Life and the Seasons” is interesting less for its exploration of a standard subject, than for the fact that one reviewer felt that it bore too close a resemblance to a poem by C. W. Everett which appeared in the 1836 volume of The Token.


http://www.merrycoz.org/voices/token/1836/LIFE1.xhtml
“Life and the Seasons,” by Z. (from The Pearl and Literary Gazette [also, The Boston Pearl], March 1, 1834; p. 121)

Life, like the budding Spring, opens with beauty. The blooming flowers, and green, and verdant fields powerfully impress us with the reflection that life, also, has its Spring-time. The youth, in gaiety commences his course. His path opens amid budding enjoyments, and his heart is filled with delights. He plucks its flowers, and the thorn often reminds him of the pains of too much pleasure; or the cloud that gathers over him admonishes him that all is not sunshine—that pleasure has satiety.

The Summer of Life succeeds the Spring. Its former pleasantness is thrown off, and we begin to grow tired, and sigh for changes. We are satiated with its enjoyments and pleasures, and are inclined to prepare for the Autumn.
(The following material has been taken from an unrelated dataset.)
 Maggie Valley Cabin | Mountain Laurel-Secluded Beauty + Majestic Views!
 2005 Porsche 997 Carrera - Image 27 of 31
Autumn approaches, and its arrival is discovered by its frosts, and winds, and ‘sober livery.’ The leaves are decaying, and fall from the trees—all things bear the hectic-flush of consumption. Man’s faculties, even so begin to fail. He prepares to meet his dissolution.

Winter comes—the last and aged Season of the year.—So, also, man finds his Winter. He sinks and falls beneath the bleak and cheerless winds of time—his fall speaking only of departed grandeur. The energies of man’s Spring-time have ushered him into the Summer, which has failed him, almost at its entrance; and Time has opened in the Autumn of his life the pathway to the grave, while the prostrating Winter shuts him in the tomb.

But the dull days of Winter are succeeded by the dawning of a perennial and glorious Spring. Man only sleeps in the tomb, like the decayed flowers, to be awakened into a glorious and immortal life—to enjoy a new Spring, unchanging, yet never tiring, and perpetual.